Sara Nelson has served as the International President of the Association of Flight Attendants-CWA, AFL-CIO since 2014. The AFA represents fifty thousand flight attendants, about half the industry’s flight attendants. In 2001, Nelson was the vice-president of her local AFA council.
Early in her career, Nelson had worked on United Flight 175, the flight that was hijacked and hit the south tower of the World Trade Center. She knew all the crew members killed on September 11, 2001. Following the September 11 attacks, demand for airline tickets plunged, and in response, United decided to lay off twenty percent of its workforce.

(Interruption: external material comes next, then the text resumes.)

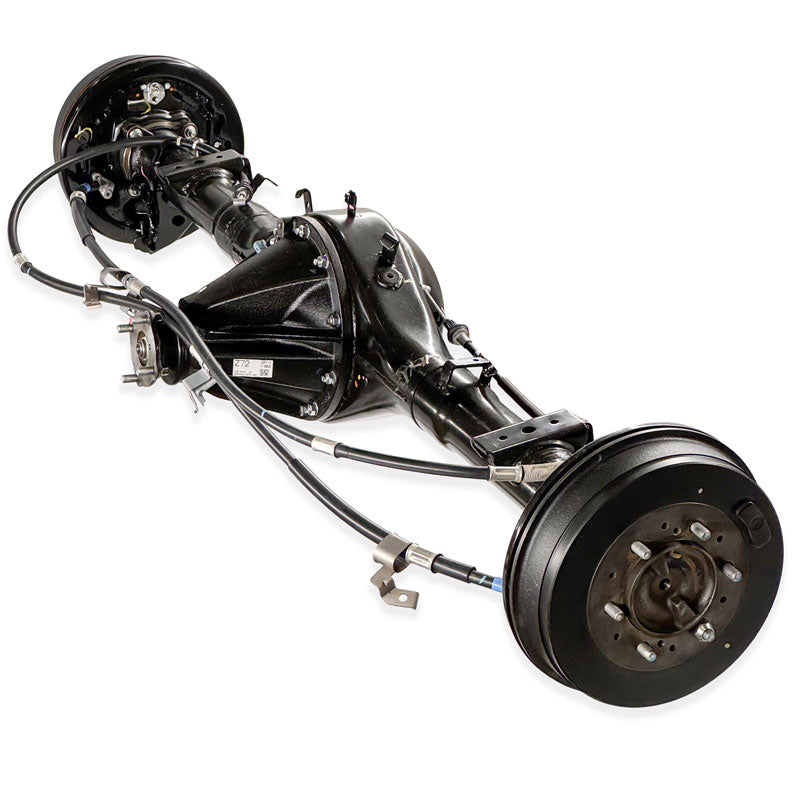 Yukon Gear & Axle Gear And Axle Complete Rear Assembly W/Brakes T8.75 4.30 Ratio W/E-Locker For 16-23 Tacoma T8.75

“We were mourning our friends and trying to pick up the pieces of our lives,” Nelson said. “And the furloughs started immediately.”
Sara Nelson
In 2002, Nelson was appointed national spokesperson for the United chapter of AFA. When United Airlines announced twenty-three hundred more flight attendants would be furloughed, Nelson committed to “… fight like hell every single day to hang on to everything we possibly can.'”
Sara Nelson was elected international vice-president of AFA in 2011. In 2014 she became the union’s international president. When the government was shut down in 2018, federal employees went without pay for weeks. Nelson called for a general strike. When a reporter asked if she was threatening to shut down the entire economy, Nelson responded, “Yes.”
The COVID-19 pandemic further challenged the airline industry. Air travel declined dramatically, and flights were canceled. Airlines demanded financial help, or there would be bankruptcies. Nelson feared that airlines would declare bankruptcy, then reform after having shed the obligation of employee pensions. Nelson fought for the WorkersFirst bill, which prohibited furloughs and pay cuts for frontline workers and addressed stock buybacks, dividends, and executive compensation caps.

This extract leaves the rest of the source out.